LinuxQuestions.org

LinuxQuestions.org (/questions/)
-   Linux - Software (https://www.linuxquestions.org/questions/linux-software-2/)
-   -   Need advice on making backups of a large file storage. (https://www.linuxquestions.org/questions/linux-software-2/need-advice-on-making-backups-of-a-large-file-storage-4175556699/)

Lockywolf 10-20-2015 01:10 PM

Need advice on making backups of a large file storage.
 
Hello, everyone.

I need an advice on the following matter:

I have a filestorage (a hard drive partition), which holds files of various degrees of importance:
  • Important
  • Not so important
  • Rubbish

Certain actions might happen to this storage:
  1. New files uploaded
  2. Directory structure change
  3. Some rubbish removed
  4. Some useful files deleted by mistake
  5. Some files become corrupt due to block errors
  6. Filesystem errors happen

I also have a separate hard drive of 25% larger quantity, on which I want to organize a backup of the first one, satisfying the following property:

Actions 1,2,3 should propagate to the backup. Action 4 should be undoable by restoring files from the backup during some time. (Desirably, as long as possible (until there is space left), but at least one month long). Actions 5 and 6 should be detected and reported to the operator when each backup "task" is performed (perhaps, once every two days) and must in no circumstances propagate to the backup. They should also be undoable from the backup.

Is there any smart backup solution for this task?

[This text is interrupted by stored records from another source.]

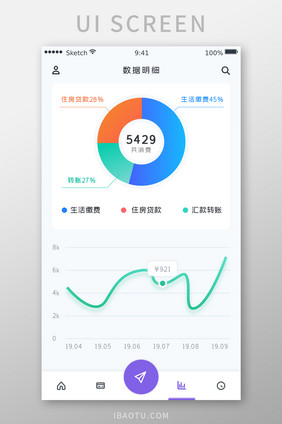 可视化数据图表类APP界面UI设计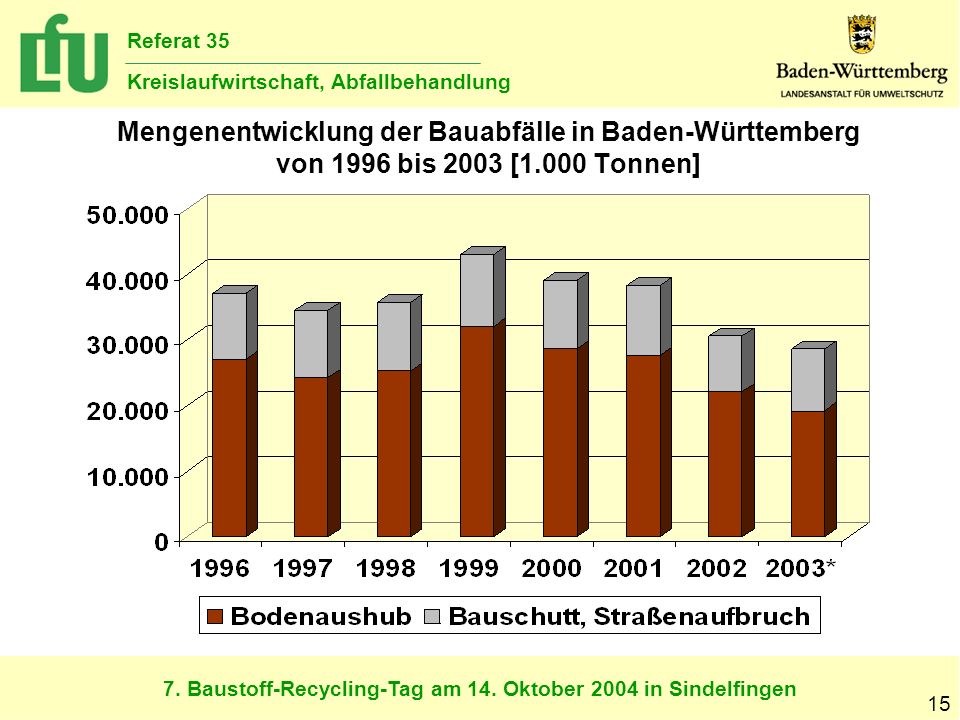 Mengenentwicklung der Bauabfälle in Baden-Württemberg von 1996 bis 2003 [1.000 Tonnen]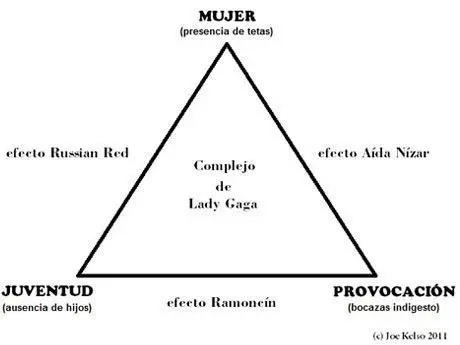 Teoría triangular Lady Gaga Cultural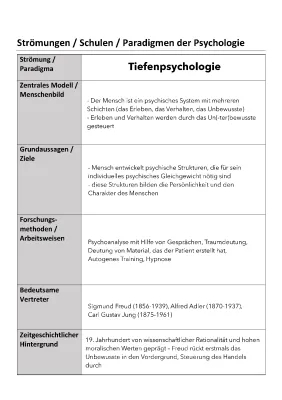 Tiefenpsychologie, Behaviorismus & Maslows Pyramide einfach erklärt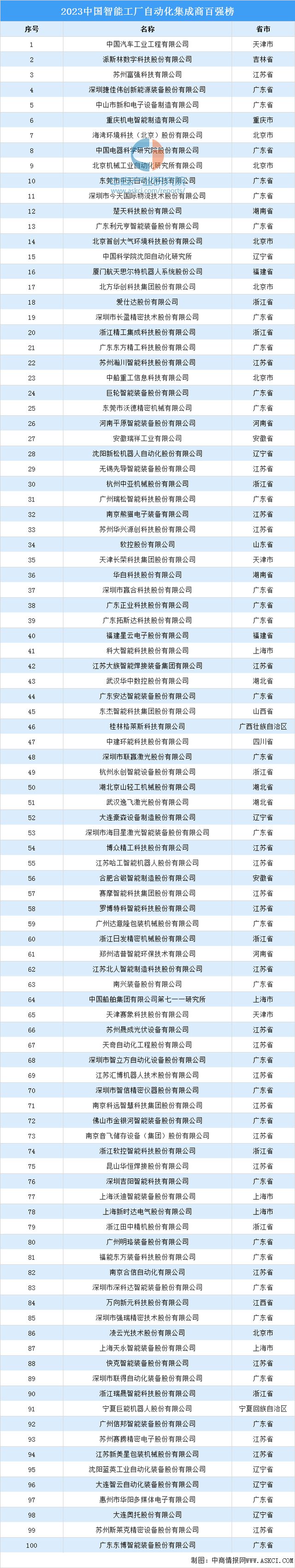 2023中国智能工厂自动化集成商百强榜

I googled for some proposed backup solutions, but most of them either are based on rsync (which syncs the tree, but AFAIU has nothing to prevent point 4, or snapshots, which are just too big.

Any suggestions?

chrism01 10-20-2015 07:12 PM

1,2,3: catered for by any backup system

4a: going back and retrieving old backups - again any backup system inc rsync

4b: if you want to prevent (!) files being deleted you can

4b1: train your users
4b2: adjust ownerships/perms to reduce likelihood
4b3: use chattr http://linux.die.net/man/1/chattr
4b4: if you have a master list of important files, use http://linux.die.net/man/1/inotifywait to be notified when it happens (or run a cron job that effectively does the same thing - use sha1sum or similar to check content if file exists)

5 (& 6): if your disk is regularly throwing errors, replace it. Seriously, its dying. You could look at http://linux.die.net/man/8/smartctl and recreate with mkfs, but its not worth it.

berndbausch 10-20-2015 09:23 PM

On one hand you say that deleted files can be restored from the backup. On the other, that rsync is unable to prevent deletion. This is true, but I doubt there is any backup solution that prevents deletion; the purpose of a backup solution is to allow restoring files. And rsync can do that.

The fact that your backup drive is just 25 larger than the main drive is a bit worrying though, except if you keep deleting old backups or a large part of your data belongs in the rubbish category and will be deleted occasionally.

I see another problem. Points 3 and 4 seem to conflict with each other. How can the backup solution know that a file is rubbish, and how can it judge whether deletion was by mistake or by design?

Lockywolf 10-21-2015 01:12 PM

Quote:

Originally Posted by berndbausch (Post 5437775)
On one hand you say that deleted files can be restored from the backup. On the other, that rsync is unable to prevent deletion. This is true, but I doubt there is any backup solution that prevents deletion; the purpose of a backup solution is to allow restoring files. And rsync can do that.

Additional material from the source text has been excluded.